空間を支配していたアビーが消えたことで、白黒の世界が色を取り戻し、分割されていた箱が一つに繋がる。部屋へと戻っていく場所で、破壊された家具と傷だらけの壁や床、そして大量の血痕が、この部屋で起こった事を教えていた。
ミサトたちの姿を捜すように、空間まで繋がった部屋にレイジは視線を巡らせる。やはりというか、ミサトたちの姿はない。強制的に箱に干渉するほかない。実体干渉になることに渋い表情になるが、背に腹はかえられない。今はミサトたちが優先だ。
小さく息を吐き、水を広げるように部屋に力を行き渡らせる。探るように動かした力が、空間の境目を見つけるとゆらゆらと揺れる。一度目を閉じて開くと、レイジは加減なしに力を放った。
+++++
ひたりひたりと、前を歩く人影を、ミサトたちが着かず離れず追いかけてかなり経つ。ときたまナオトに消されるアビーの使い魔も、現れなくなった。
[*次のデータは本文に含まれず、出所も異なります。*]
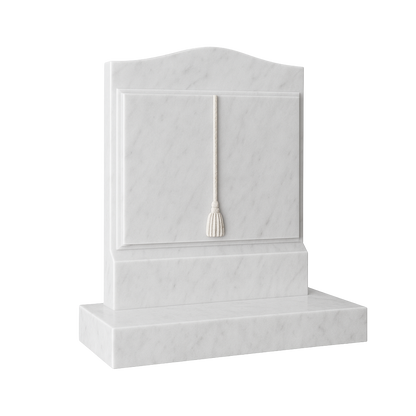 Novelle Ogee Top Book Headstone with Cord & Tassel | MM080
それにしてもあの人影、最初見たときよりも体の線がハッキリしてきた気がしないか? そう、ピントがあっていくように、人の姿のように見えてくる。
抱きかかえたコーフィンが、ミサトの服をぎゅっと握り直すのに気が付いて、ミサトもコーフィンを抱え直す。
「お嬢さんは、彼の花嫁になるのかい?」
「……今は特に考えてません。本人から直接訊いた訳じゃないですし」
「花嫁になると、頻繁に吸血鬼と接触することになる。直に皮膚触れ経口摂取を繰り返すことで、老化が緩やかになるらしいが、その身体にかかる負担は小さくはない」
そこで言葉を切ると、ヤシロはミサトを見る。
「もし、君にとって昼の世界が大事だと思うのなら、花嫁になってはいけない。今と同じ時間を歩んでいきたいのなら、なおさら」
「そんなに詳しいのは、娘さんのことがあるから、ですか?」
「そうだな。私も、随分と長く生きてしまったよ」
無駄に年だけを重ねて、何一つ出来ていないとヤシロは思う。先に逝った妻に、手向けの花を送るのも何十年と繰り返している。娘は、自ら手を取ったのだ。それは分かっていた。
だが、嫁ぐ先が吸血鬼の元とは、娘はついぞ知らされなかったのだ。娘は事業家の青年と結婚するのだと、何度も言っていたのだから。自身もまた、見事に騙された。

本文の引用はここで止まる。